* _What the exercise asks_:
Nothing in the data may be altered, so output all of it exactly.

* _Exercise material_:
━━━

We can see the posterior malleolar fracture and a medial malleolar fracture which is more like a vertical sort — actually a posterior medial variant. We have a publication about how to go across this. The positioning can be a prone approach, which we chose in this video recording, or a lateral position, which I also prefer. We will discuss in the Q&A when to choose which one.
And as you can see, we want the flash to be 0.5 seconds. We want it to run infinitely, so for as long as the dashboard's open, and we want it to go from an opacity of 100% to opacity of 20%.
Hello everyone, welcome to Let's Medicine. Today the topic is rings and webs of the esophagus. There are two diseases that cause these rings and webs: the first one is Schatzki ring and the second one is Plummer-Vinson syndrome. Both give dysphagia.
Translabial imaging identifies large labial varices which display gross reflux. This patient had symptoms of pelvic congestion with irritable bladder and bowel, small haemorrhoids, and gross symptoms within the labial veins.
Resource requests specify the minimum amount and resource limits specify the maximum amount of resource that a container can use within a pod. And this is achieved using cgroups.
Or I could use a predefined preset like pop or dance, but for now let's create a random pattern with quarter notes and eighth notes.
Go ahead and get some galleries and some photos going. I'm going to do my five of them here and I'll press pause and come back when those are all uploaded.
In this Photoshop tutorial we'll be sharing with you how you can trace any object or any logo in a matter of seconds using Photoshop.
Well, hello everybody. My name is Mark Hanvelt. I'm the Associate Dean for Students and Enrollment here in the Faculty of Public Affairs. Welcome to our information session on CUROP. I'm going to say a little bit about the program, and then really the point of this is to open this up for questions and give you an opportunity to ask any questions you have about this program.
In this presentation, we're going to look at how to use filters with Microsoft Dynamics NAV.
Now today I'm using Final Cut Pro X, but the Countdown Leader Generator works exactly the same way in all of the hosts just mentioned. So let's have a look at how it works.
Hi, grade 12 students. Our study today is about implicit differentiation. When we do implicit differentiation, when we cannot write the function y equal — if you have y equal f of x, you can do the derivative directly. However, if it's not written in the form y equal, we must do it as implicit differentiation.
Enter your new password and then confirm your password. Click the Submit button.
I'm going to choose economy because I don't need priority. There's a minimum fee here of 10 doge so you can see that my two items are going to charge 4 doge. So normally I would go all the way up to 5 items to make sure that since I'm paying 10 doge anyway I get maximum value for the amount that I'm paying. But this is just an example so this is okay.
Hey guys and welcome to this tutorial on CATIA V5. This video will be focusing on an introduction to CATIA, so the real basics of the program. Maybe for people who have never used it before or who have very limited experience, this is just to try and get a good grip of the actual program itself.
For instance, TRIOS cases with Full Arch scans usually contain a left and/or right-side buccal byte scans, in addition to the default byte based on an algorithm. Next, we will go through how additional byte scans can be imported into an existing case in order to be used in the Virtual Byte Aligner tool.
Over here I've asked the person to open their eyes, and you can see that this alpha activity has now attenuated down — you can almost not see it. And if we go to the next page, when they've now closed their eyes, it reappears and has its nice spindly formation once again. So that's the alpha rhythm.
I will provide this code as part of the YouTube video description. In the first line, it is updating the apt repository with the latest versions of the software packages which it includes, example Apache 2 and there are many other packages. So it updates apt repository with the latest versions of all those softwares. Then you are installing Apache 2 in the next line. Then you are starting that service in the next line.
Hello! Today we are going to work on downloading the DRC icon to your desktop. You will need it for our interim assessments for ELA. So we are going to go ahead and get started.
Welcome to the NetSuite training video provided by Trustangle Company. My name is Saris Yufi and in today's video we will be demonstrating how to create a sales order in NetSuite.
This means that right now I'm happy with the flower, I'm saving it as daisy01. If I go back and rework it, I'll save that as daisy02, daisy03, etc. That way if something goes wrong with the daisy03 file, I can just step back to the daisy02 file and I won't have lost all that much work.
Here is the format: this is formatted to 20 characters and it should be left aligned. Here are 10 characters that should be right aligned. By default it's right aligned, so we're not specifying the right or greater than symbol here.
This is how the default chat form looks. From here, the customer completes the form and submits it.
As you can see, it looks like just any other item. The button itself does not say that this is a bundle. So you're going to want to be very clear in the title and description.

━━━

* _Exercise output_:
We can see the posterior malleolar fracture and a medial malleolar fracture which is more like a vertical sort — actually a posterior medial variant. We have a publication about how to go across this. The positioning can be a prone approach, which we chose in this video recording, or a lateral position, which I also prefer. We will discuss in the Q&A when to choose which one.
And as you can see, we want the flash to be 0.5 seconds. We want it to run infinitely, so for as long as the dashboard's open, and we want it to go from an opacity of 100% to opacity of 20%.
Hello everyone, welcome to Let's Medicine. Today the topic is rings and webs of the esophagus. There are two diseases that cause these rings and webs: the first one is Schatzki ring and the second one is Plummer-Vinson syndrome. Both give dysphagia.
Translabial imaging identifies large labial varices which display gross reflux. This patient had symptoms of pelvic congestion with irritable bladder and bowel, small haemorrhoids, and gross symptoms within the labial veins.
Resource requests specify the minimum amount and resource limits specify the maximum amount of resource that a container can use within a pod. And this is achieved using cgroups.
Or I could use a predefined preset like pop or dance, but for now let's create a random pattern with quarter notes and eighth notes.
Go ahead and get some galleries and some photos going. I'm going to do my five of them here and I'll press pause and come back when those are all uploaded.
In this Photoshop tutorial we'll be sharing with you how you can trace any object or any logo in a matter of seconds using Photoshop.
Well, hello everybody. My name is Mark Hanvelt. I'm the Associate Dean for Students and Enrollment here in the Faculty of Public Affairs. Welcome to our information session on CUROP. I'm going to say a little bit about the program, and then really the point of this is to open this up for questions and give you an opportunity to ask any questions you have about this program.
In this presentation, we're going to look at how to use filters with Microsoft Dynamics NAV.
Now today I'm using Final Cut Pro X, but the Countdown Leader Generator works exactly the same way in all of the hosts just mentioned. So let's have a look at how it works.
Hi, grade 12 students. Our study today is about implicit differentiation. When we do implicit differentiation, when we cannot write the function y equal — if you have y equal f of x, you can do the derivative directly. However, if it's not written in the form y equal, we must do it as implicit differentiation.
Enter your new password and then confirm your password. Click the Submit button.
I'm going to choose economy because I don't need priority. There's a minimum fee here of 10 doge so you can see that my two items are going to charge 4 doge. So normally I would go all the way up to 5 items to make sure that since I'm paying 10 doge anyway I get maximum value for the amount that I'm paying. But this is just an example so this is okay.
Hey guys and welcome to this tutorial on CATIA V5. This video will be focusing on an introduction to CATIA, so the real basics of the program. Maybe for people who have never used it before or who have very limited experience, this is just to try and get a good grip of the actual program itself.
For instance, TRIOS cases with Full Arch scans usually contain a left and/or right-side buccal byte scans, in addition to the default byte based on an algorithm. Next, we will go through how additional byte scans can be imported into an existing case in order to be used in the Virtual Byte Aligner tool.
Over here I've asked the person to open their eyes, and you can see that this alpha activity has now attenuated down — you can almost not see it. And if we go to the next page, when they've now closed their eyes, it reappears and has its nice spindly formation once again. So that's the alpha rhythm.
I will provide this code as part of the YouTube video description. In the first line, it is updating the apt repository with the latest versions of the software packages which it includes, example Apache 2 and there are many other packages. So it updates apt repository with the latest versions of all those softwares. Then you are installing Apache 2 in the next line. Then you are starting that service in the next line.
Hello! Today we are going to work on downloading the DRC icon to your desktop. You will need it for our interim assessments for ELA. So we are going to go ahead and get started.
Welcome to the NetSuite training video provided by Trustangle Company. My name is Saris Yufi and in today's video we will be demonstrating how to create a sales order in NetSuite.
This means that right now I'm happy with the flower, I'm saving it as daisy01. If I go back and rework it, I'll save that as daisy02, daisy03, etc. That way if something goes wrong with the daisy03 file, I can just step back to the daisy02 file and I won't have lost all that much work.
Here is the format: this is formatted to 20 characters and it should be left aligned. Here are 10 characters that should be right aligned. By default it's right aligned, so we're not specifying the right or greater than symbol here.
This is how the default chat form looks. From here, the customer completes the form and submits it.
As you can see, it looks like just any other item. The button itself does not say that this is a bundle. So you're going to want to be very clear in the title and description.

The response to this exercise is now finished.